(Entries taken from a collection)
------------------------------------------------------------------------
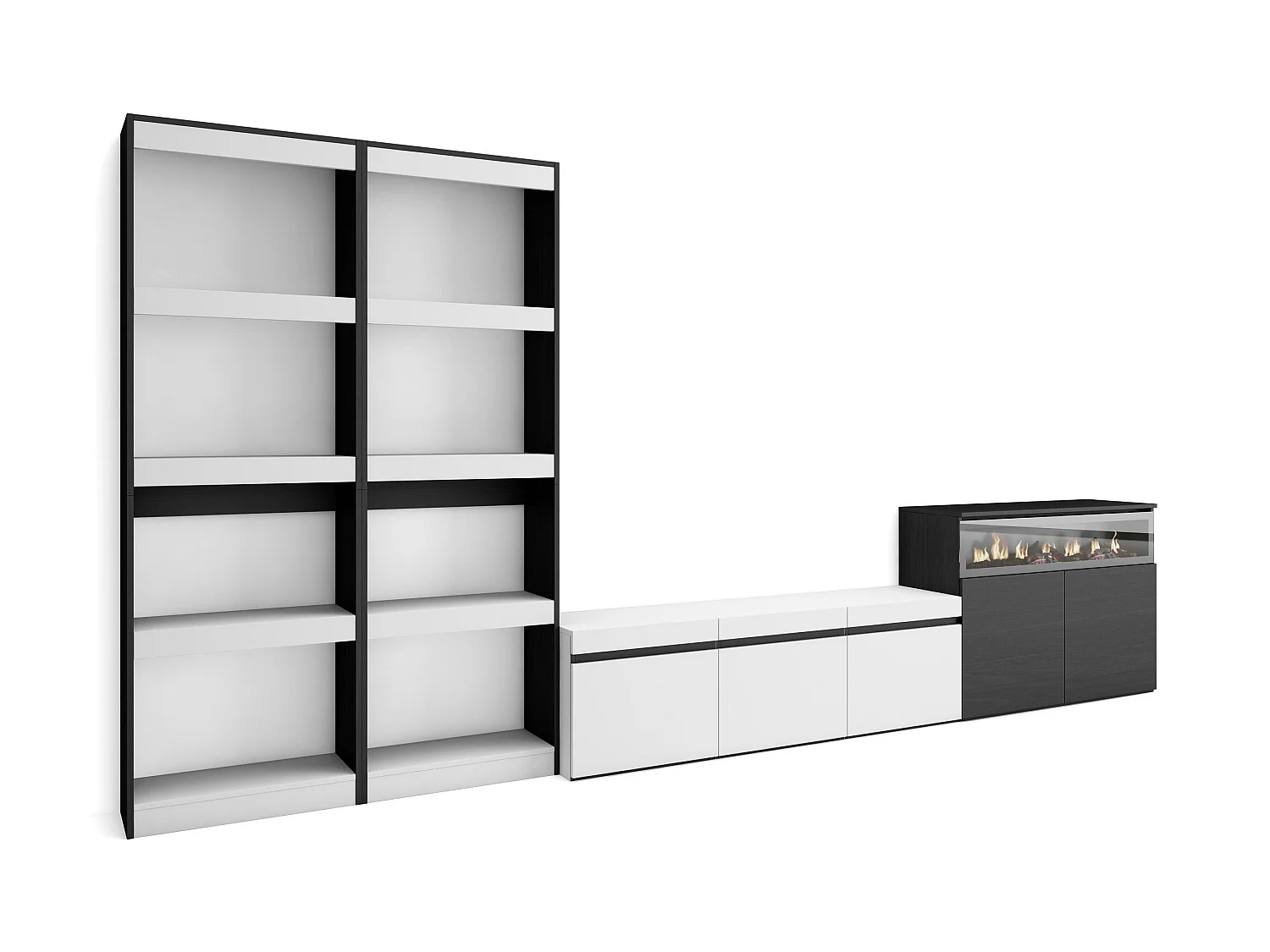Meubels voor woonkamer, 370x186x35cm, Voor tv's tot 65", Elektrische haard, Wit en Zwart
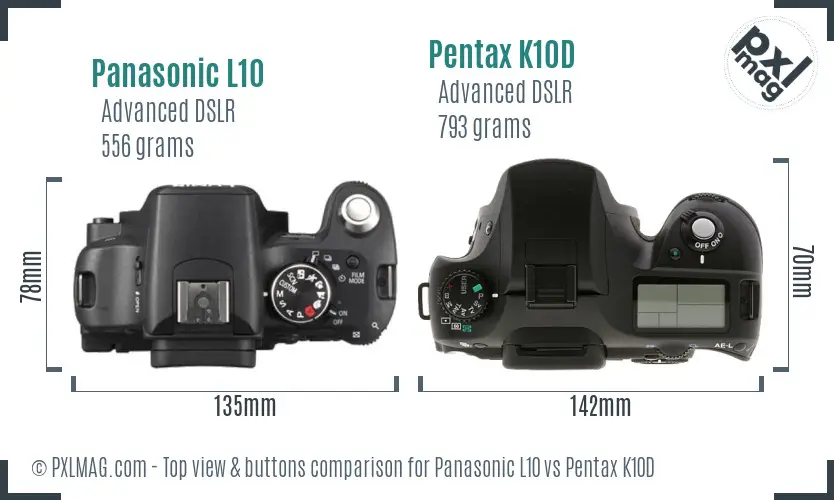 Panasonic L10 vs Pentax K10D top view buttons comparison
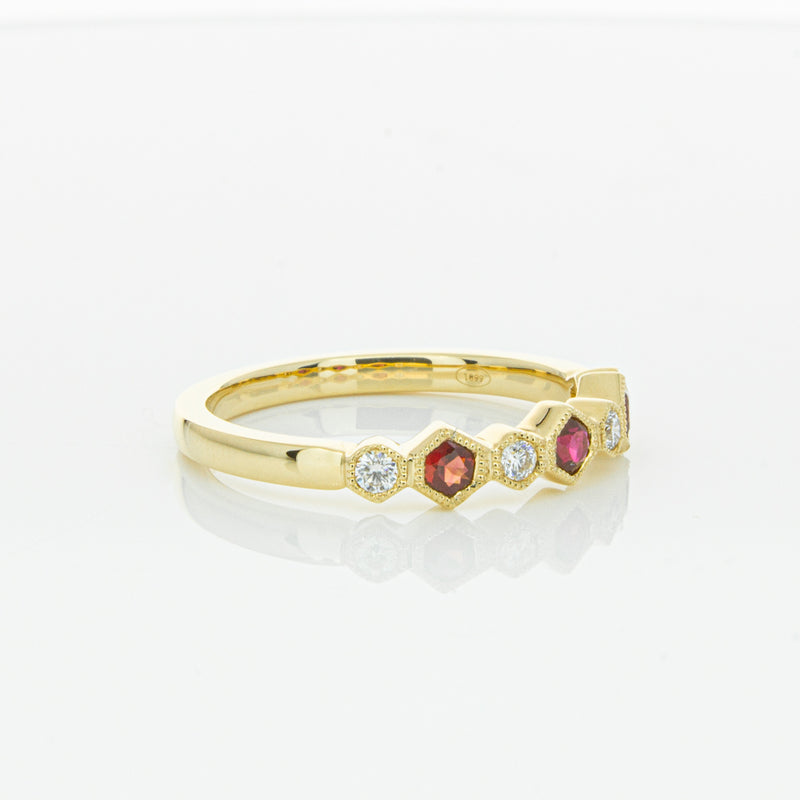 18ct Yellow Gold Ruby & Diamond Deco Band-Ring-Walker & Hall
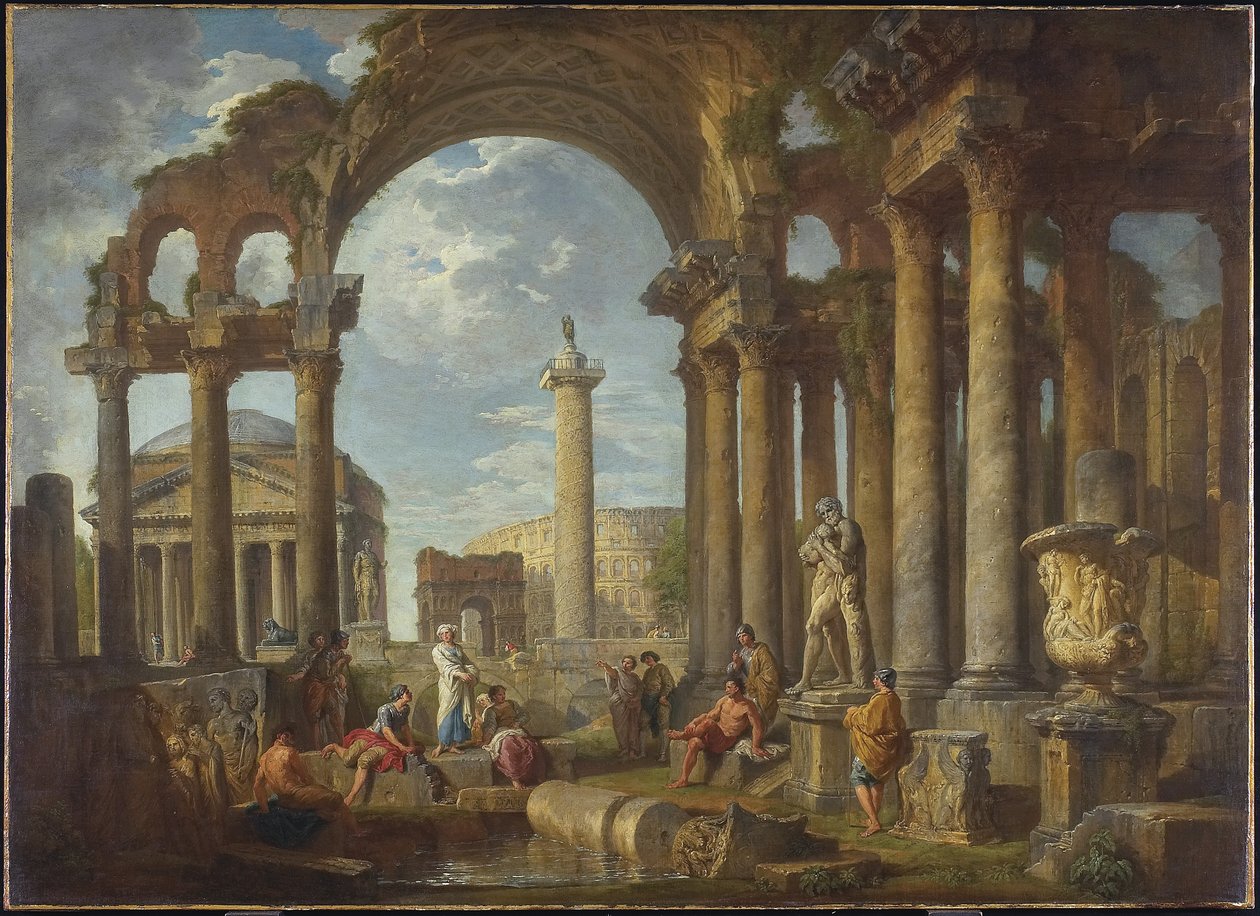 Un Capricho de Ruinas Romanas con el Panteón de Giovanni Paolo Pannini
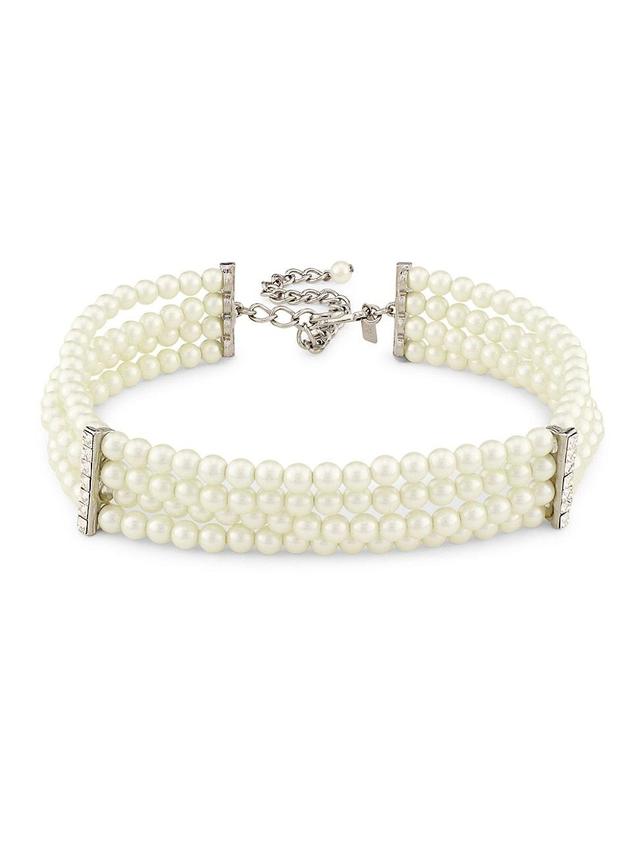 Womens Rhodium-Plated, Pearl & Glass Crystal Choker Product Image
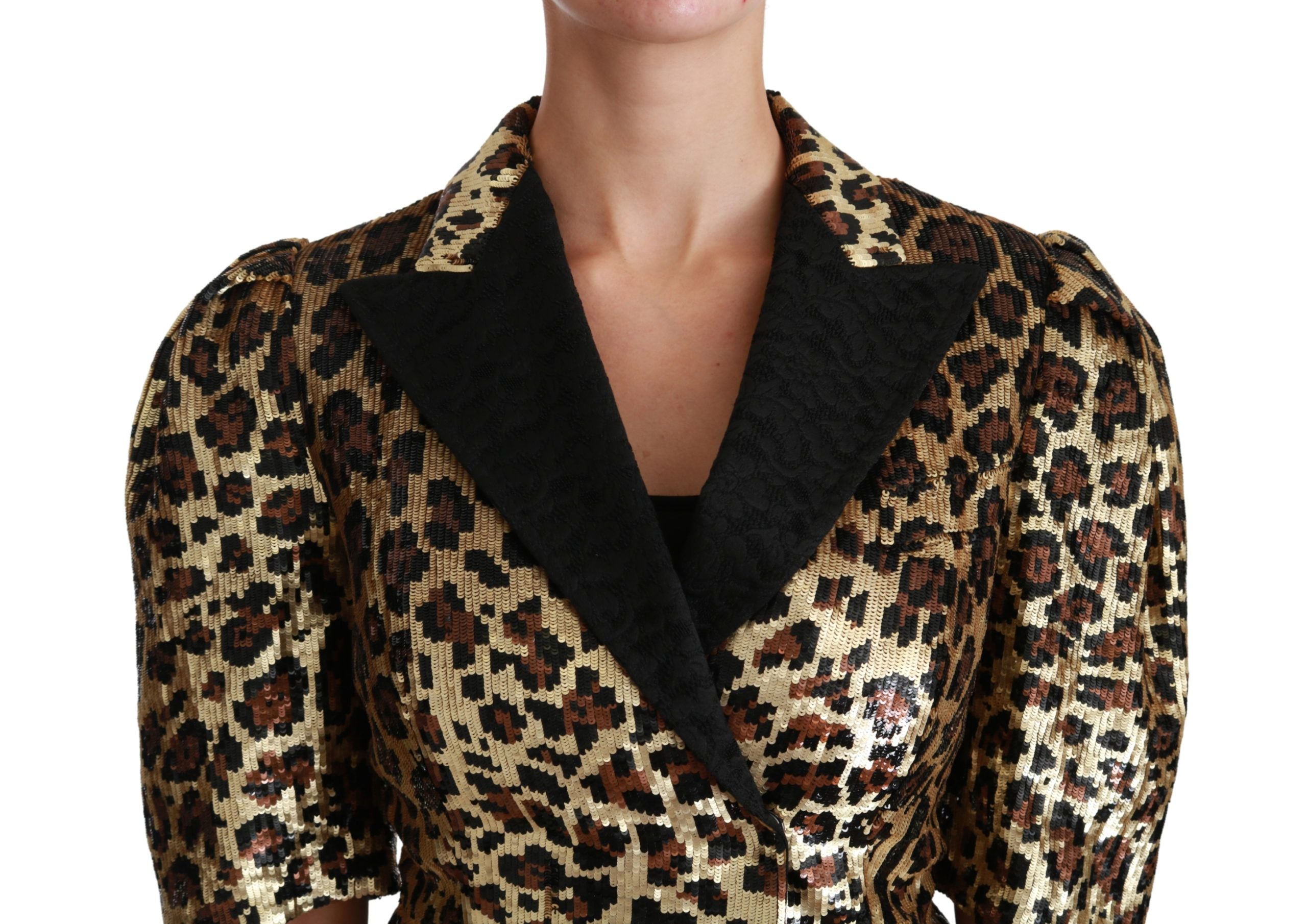 Σακάκι με κοντό μανίκι Dolce &amp; Gabbana Gold Leopard Print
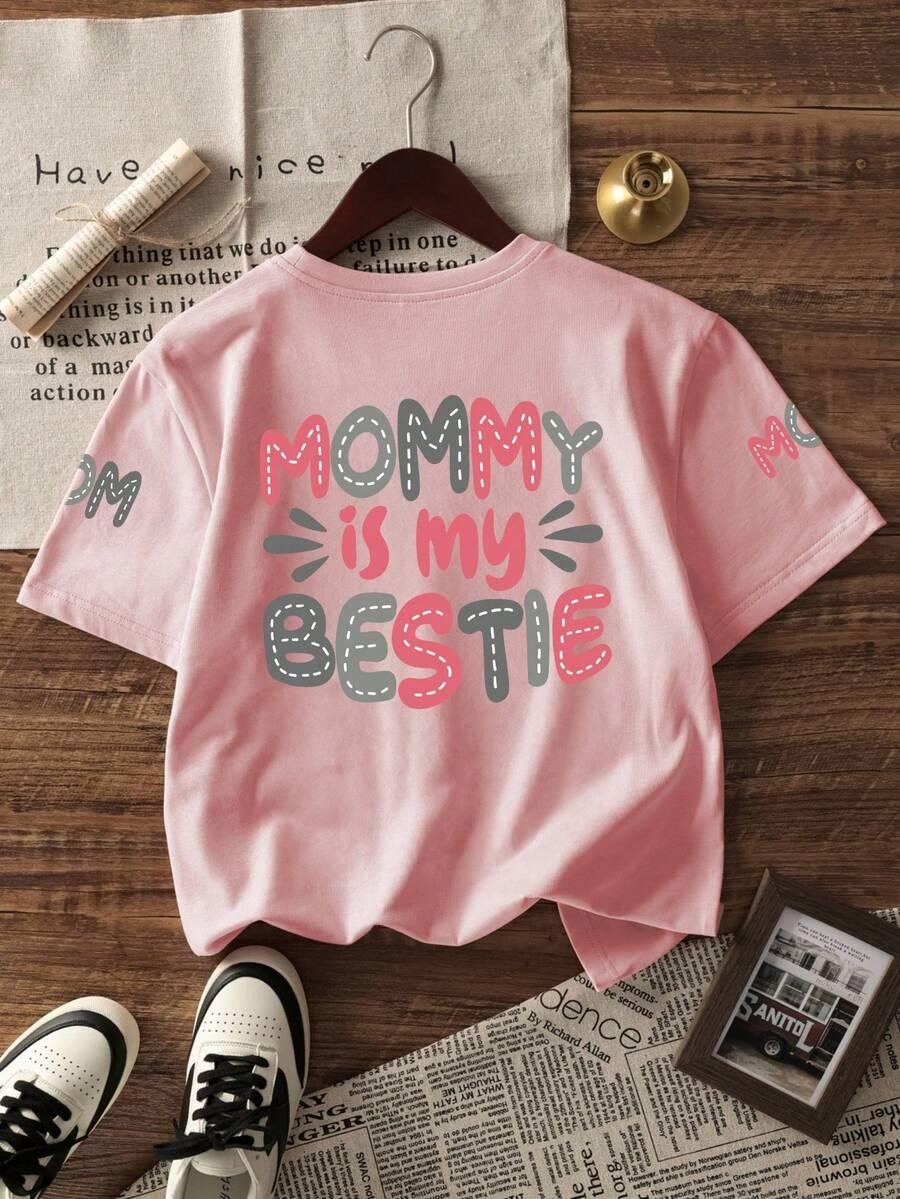 t-shirt print okrągły dekolt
------------------------------------------------------------------------
#### [ASSIGNMENT]
Which lines run from the one containing "Panasonic L10 vs" to the end of the data above? Set down those lines exactly, and only those, without any pictures.

#### [YOUR SOLUTION]
 Panasonic L10 vs Pentax K10D top view buttons comparison
 18ct Yellow Gold Ruby & Diamond Deco Band-Ring-Walker & Hall
 Un Capricho de Ruinas Romanas con el Panteón de Giovanni Paolo Pannini
 Womens Rhodium-Plated, Pearl & Glass Crystal Choker Product Image
 Σακάκι με κοντό μανίκι Dolce &amp; Gabbana Gold Leopard Print
 t-shirt print okrągły dekolt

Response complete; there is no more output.